**Input for this task:**
··········

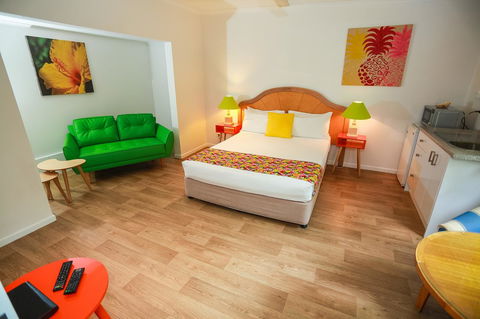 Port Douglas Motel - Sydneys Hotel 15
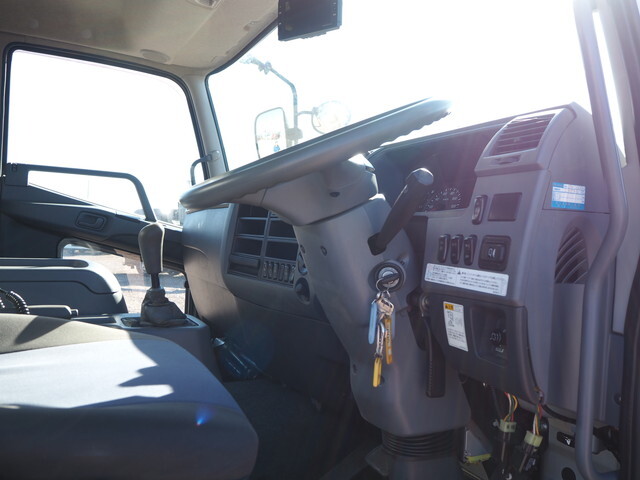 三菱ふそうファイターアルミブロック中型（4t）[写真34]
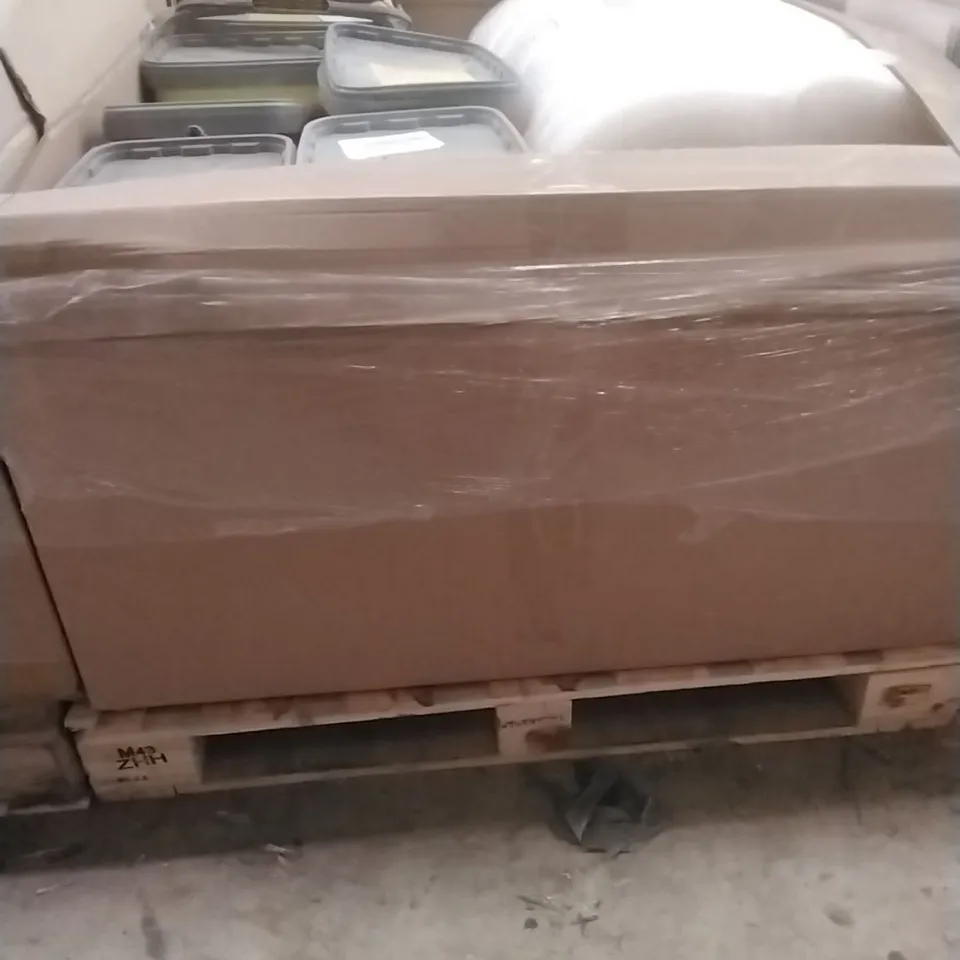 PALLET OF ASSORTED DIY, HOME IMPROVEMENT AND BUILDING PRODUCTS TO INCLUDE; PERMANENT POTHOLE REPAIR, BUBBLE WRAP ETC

··········

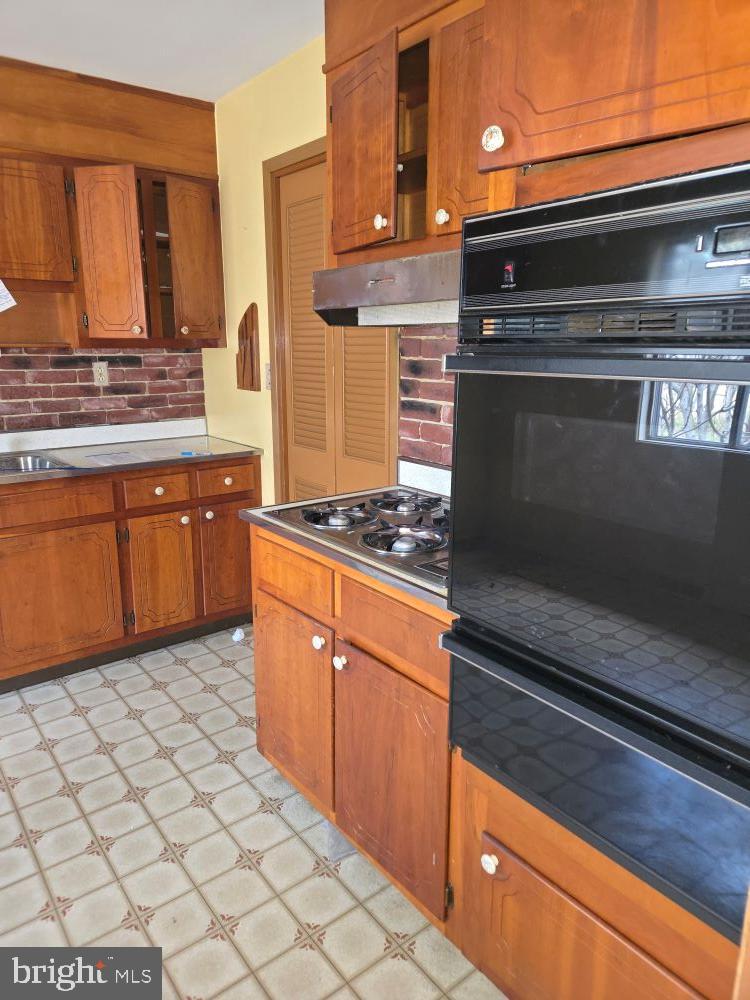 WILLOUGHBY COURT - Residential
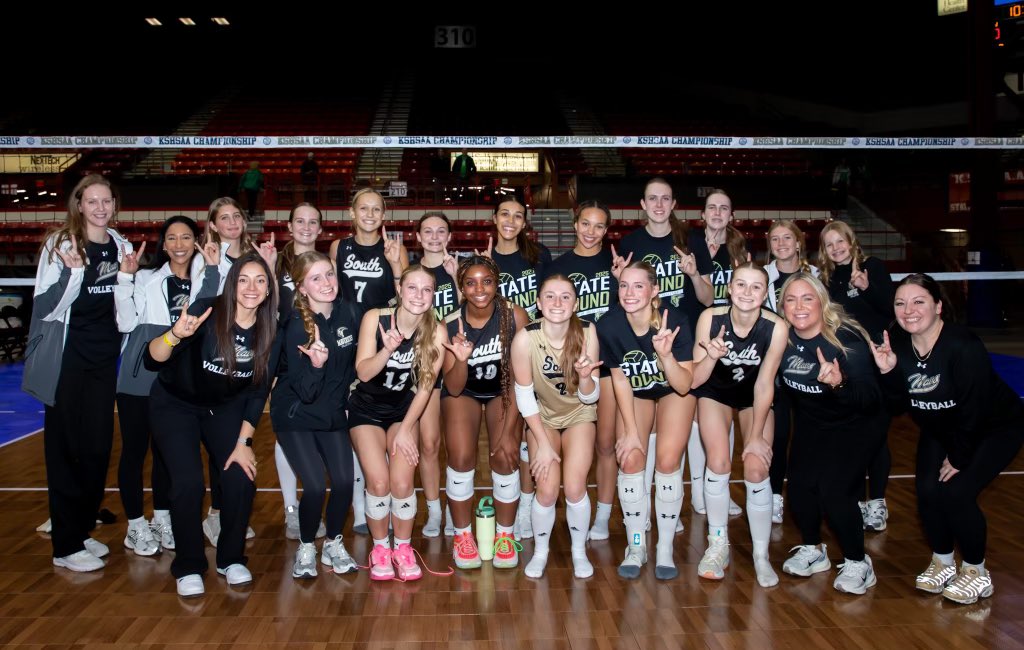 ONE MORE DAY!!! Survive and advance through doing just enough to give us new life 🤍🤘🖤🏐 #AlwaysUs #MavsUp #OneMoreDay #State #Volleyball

··········

From the data above, return exactly the lines from the one with "三菱ふそうファイターアルミブロック中型（4t）[写真34]" up to and including the one with "PALLET OF ASSORTED". Pictures do not go in the copy.

 三菱ふそうファイターアルミブロック中型（4t）[写真34]
 PALLET OF ASSORTED DIY, HOME IMPROVEMENT AND BUILDING PRODUCTS TO INCLUDE; PERMANENT POTHOLE REPAIR, BUBBLE WRAP ETC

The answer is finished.